= Prompt =
The answer must be an exact copy of the lines from the one containing "Resistant Artificial Greenery" through the last line of the records, with no pictures.
= = = = = = =
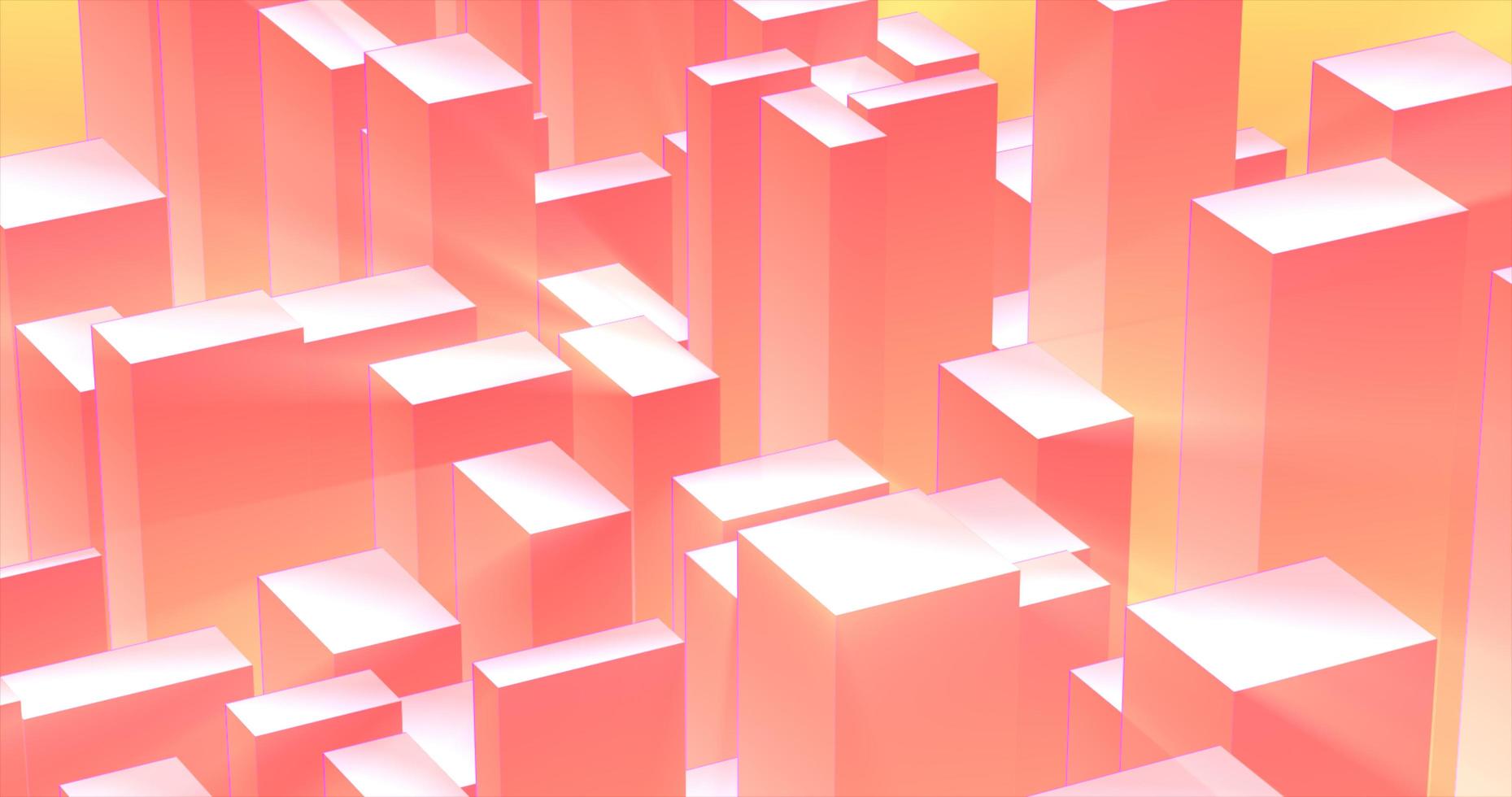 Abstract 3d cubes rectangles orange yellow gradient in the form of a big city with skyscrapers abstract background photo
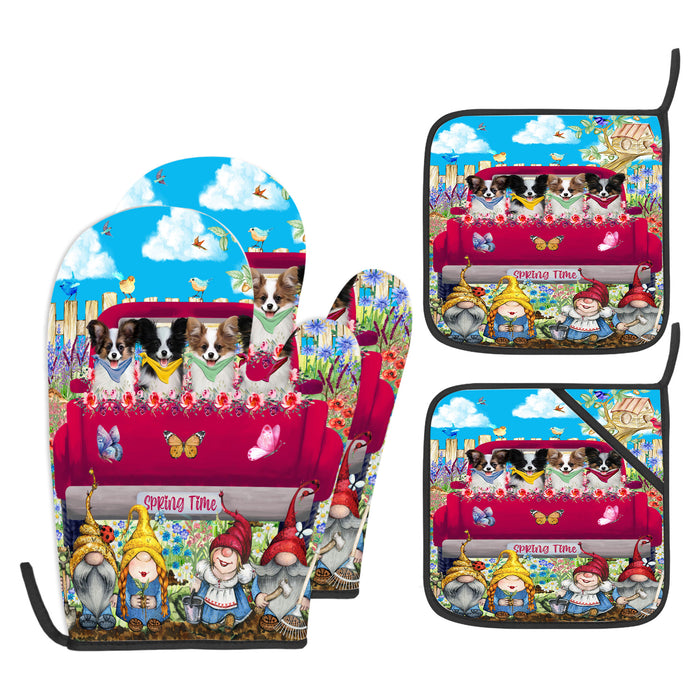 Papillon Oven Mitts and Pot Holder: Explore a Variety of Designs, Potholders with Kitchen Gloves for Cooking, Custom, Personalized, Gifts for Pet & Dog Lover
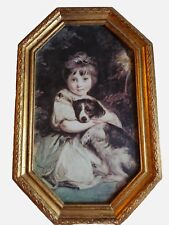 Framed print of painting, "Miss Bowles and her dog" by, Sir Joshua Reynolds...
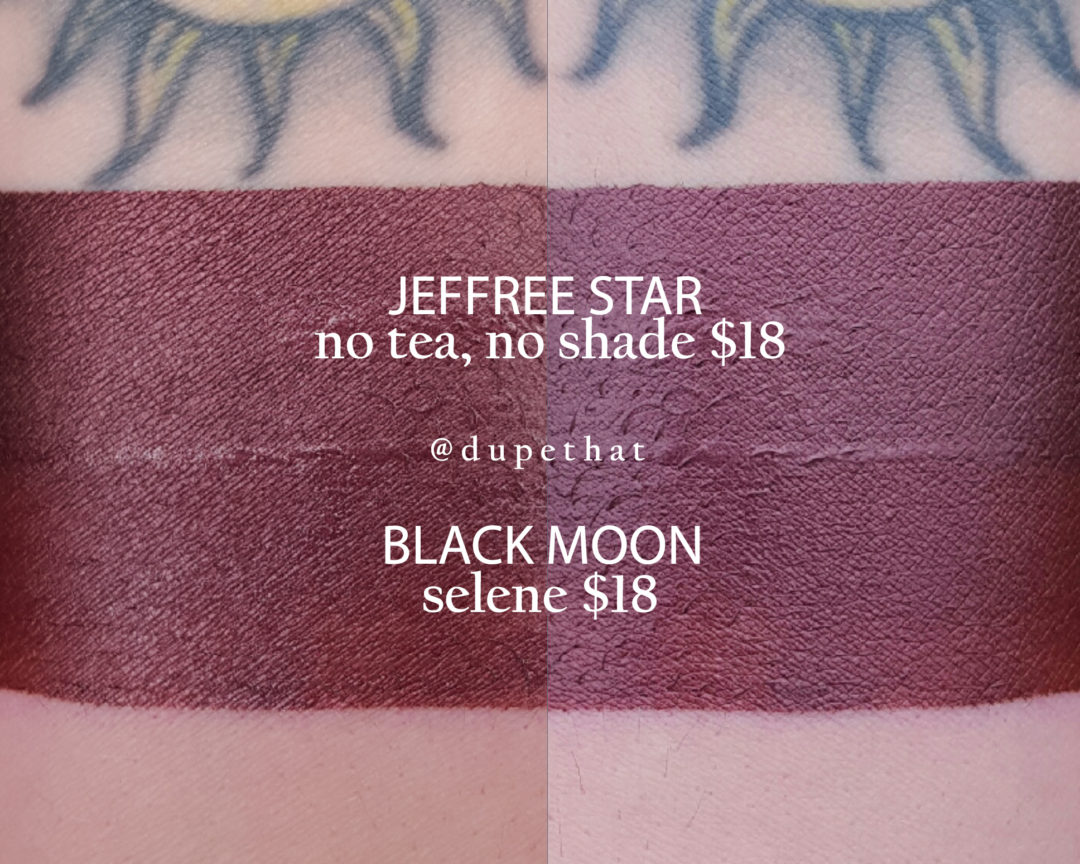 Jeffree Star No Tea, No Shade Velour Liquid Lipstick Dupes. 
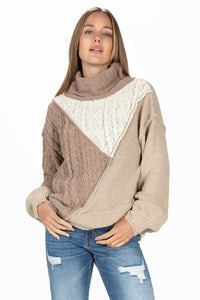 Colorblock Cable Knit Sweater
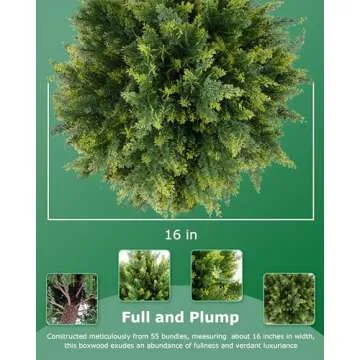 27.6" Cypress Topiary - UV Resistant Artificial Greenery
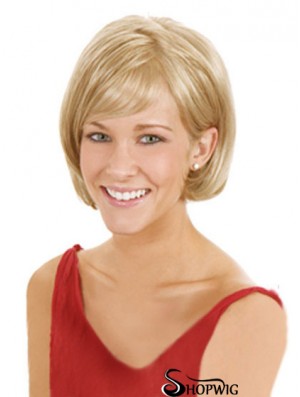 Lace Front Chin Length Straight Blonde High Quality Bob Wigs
= = = = = = =
= Solved exercise =
 27.6" Cypress Topiary - UV Resistant Artificial Greenery
 Lace Front Chin Length Straight Blonde High Quality Bob Wigs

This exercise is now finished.